Comparative Investigation of SNEDDS with Marketed Tablets and Pure Drug in Terms of Dissolution Profile

This investigation was carried out with pure rosuvastatin, SNEDDS and marketed formulation (Rosufine 20 with batch no. C-90061) in “USP Type-II dissolution assembly (Distek, USA) with 900 mL of 0.05M sodium citrate dissolution media of pH 6.6±0.05 at 50 rpm as specified by USFDA dissolution database“. A cellulose membrane dialysis sac (MWCO 12,000 g/mole; Sigma-Aldrich) was filled with equivalent volume of rosuvastatin-loaded optimized SNEDDS, marketed tablets and pure drug (rosuvastatin equivalent to 20 mg). These formulations were placed at the bottom of the vessels using a suitable sinker. On the basis of already established time intervals, 5 mL aliquots were collected and examined for drug release utilizing UV spectrophotometer.39

Dynamic in vitro Lipolysis Study for Investigation of Food Impact

The literature database confirmed that SNEDDS avoids food impact on the formulation by using drug release. For demonstrating this hypothesis, the dissolution of optimized SNEDDS was carried out in modified Fasted/Fed state simulated intestinal fluid V-2 (Fa/FeSSIF V-2) media to simulate an in vivo environment.

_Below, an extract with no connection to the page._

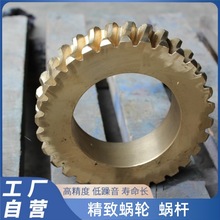 工厂加工蜗轮蜗杆大传动比黄铜涡轮蜗杆变速器精密连接传动件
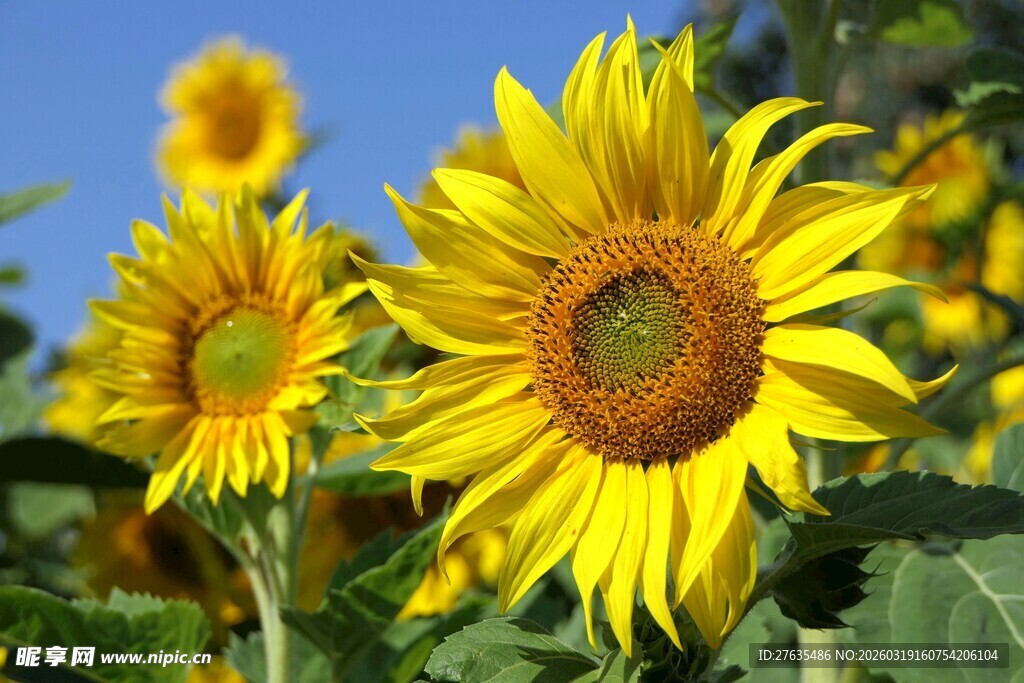 灿烂向日葵绽放蓝天之下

It is fundamental for superlative experimental relevance to perform in vitro examination of the drug to mirror in vivo condition as eagerly as could rationally be predicted. This examination is essential for two explicit justifications. Initially, measurement of level and rate of lipolysis that helps to investigate solubility and dispersion features of formulation. The second one is the analysis of post lipolysis to predict solubilized or precipitated form of the drug after completing the reaction. This model can reliably predict the limit of these preparations to improve oral retention of drugs with low solubility in the aqueous phase.

In this study, dynamic in vitro lipolysis examination was an interpretation of methodology as of late described by Mohsin.56 Each 550 mg of SNEDDS was supplemented with both media (36 mL), the formula of which is shown in Table 1.57,58 Compositions of Ca2+, bile salt (BS), phospholipids (PLs), and sodium chloride (NaCl) were linked to mimic representative concentration existing in Fa/FeSSIF V-2. Amid the early period of dispersion, pH 6.5/5.8 ± 0.05 was kept constant with NaOH or HCl.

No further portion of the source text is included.